Staff at The Irish Times were briefed today on impending changes to the company's occupational pension scheme.
The company said it had decided to wind down and close the existing defined benefit scheme and replace it with a defined contribution model.
Managing director Liam Kavanagh said the scheme was currently 95 per cent funded. He said the company will bring the scheme up to full funding and invest a further sum to try to bring transfer values for current staff up to 107 per cent of the minimum funding standard.
Where transfer values amount to less than contributions already made by staff members – a factor affecting mostly younger, recent employees – the company has said it will make sure that everyone receives at least the level of contributions already made into the scheme.
Deferred members of the scheme – who have left the company but not yet retired – will receive a transfer value of 102 per cent of the funding standard. The difference is accounted for by revaluations which have advantaged deferred members compared to active serving staff.

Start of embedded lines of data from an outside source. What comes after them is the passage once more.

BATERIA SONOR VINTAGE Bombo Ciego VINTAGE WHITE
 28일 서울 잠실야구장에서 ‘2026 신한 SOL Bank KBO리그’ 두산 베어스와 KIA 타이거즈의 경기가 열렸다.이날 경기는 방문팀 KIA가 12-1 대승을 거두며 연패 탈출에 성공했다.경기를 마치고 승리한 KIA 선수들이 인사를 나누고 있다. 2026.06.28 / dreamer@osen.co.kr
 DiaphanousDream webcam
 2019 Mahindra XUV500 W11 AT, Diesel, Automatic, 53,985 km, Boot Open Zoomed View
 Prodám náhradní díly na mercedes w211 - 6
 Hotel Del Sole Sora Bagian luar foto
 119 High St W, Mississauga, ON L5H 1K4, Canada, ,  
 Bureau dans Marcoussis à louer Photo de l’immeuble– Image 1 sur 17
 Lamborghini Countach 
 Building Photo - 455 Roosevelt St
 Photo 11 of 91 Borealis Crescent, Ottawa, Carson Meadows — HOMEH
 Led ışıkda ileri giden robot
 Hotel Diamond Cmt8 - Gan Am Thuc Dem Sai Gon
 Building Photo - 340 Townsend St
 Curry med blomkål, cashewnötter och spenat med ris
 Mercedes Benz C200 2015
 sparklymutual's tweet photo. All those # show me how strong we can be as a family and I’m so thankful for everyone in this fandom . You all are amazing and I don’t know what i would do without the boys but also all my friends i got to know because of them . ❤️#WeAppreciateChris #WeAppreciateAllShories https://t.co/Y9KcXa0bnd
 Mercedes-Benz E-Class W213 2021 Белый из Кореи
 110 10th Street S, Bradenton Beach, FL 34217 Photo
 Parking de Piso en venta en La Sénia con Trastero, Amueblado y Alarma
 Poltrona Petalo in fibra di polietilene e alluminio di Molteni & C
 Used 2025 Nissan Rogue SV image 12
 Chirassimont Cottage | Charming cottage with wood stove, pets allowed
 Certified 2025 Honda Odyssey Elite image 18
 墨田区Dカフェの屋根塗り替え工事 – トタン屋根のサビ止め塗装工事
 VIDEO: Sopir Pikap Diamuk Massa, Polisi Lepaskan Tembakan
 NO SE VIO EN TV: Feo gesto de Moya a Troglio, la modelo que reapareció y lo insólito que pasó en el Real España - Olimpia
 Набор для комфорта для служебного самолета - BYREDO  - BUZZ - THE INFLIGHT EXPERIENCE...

Retired staff will continue to receive their pensions but will not receive any future increases.
A gain-sharing scheme will provide for additional pension top-ups for staff in future years if the company hits certain profit targets.
Under the proposed new scheme, existing staff can choose to contribute between 4 and 8 per cent of gross salary, with the company paying between 8 and 12 per cent on a sliding scale. Contribution rates can be adjusted to take account of changing financial circumstances.
Staff currently over the age of 55 will be able to opt to a higher 10 per cent contribution with a further 15 per cent coming from the company.
Staff will also be able to work to the age of 66, if they choose. At present, The Irish Times has a mandatory retirement age of 65.
The proposal has yet to be agreed by the trustees of the scheme. Staff are expected to vote on the proposal in a ballot next month.